§ **What the task requires**
Every record here needs to be written out again exactly.

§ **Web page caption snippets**
==============================

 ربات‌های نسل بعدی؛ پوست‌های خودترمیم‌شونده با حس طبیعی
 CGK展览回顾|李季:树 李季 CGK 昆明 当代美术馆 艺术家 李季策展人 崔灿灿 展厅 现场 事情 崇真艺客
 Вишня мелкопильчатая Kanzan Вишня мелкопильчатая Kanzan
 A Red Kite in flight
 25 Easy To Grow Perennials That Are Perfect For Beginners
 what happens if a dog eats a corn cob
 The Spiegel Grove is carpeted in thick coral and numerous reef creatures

==============================

§ **Result below**
 ربات‌های نسل بعدی؛ پوست‌های خودترمیم‌شونده با حس طبیعی
 CGK展览回顾|李季:树 李季 CGK 昆明 当代美术馆 艺术家 李季策展人 崔灿灿 展厅 现场 事情 崇真艺客
 Вишня мелкопильчатая Kanzan Вишня мелкопильчатая Kanzan
 A Red Kite in flight
 25 Easy To Grow Perennials That Are Perfect For Beginners
 what happens if a dog eats a corn cob
 The Spiegel Grove is carpeted in thick coral and numerous reef creatures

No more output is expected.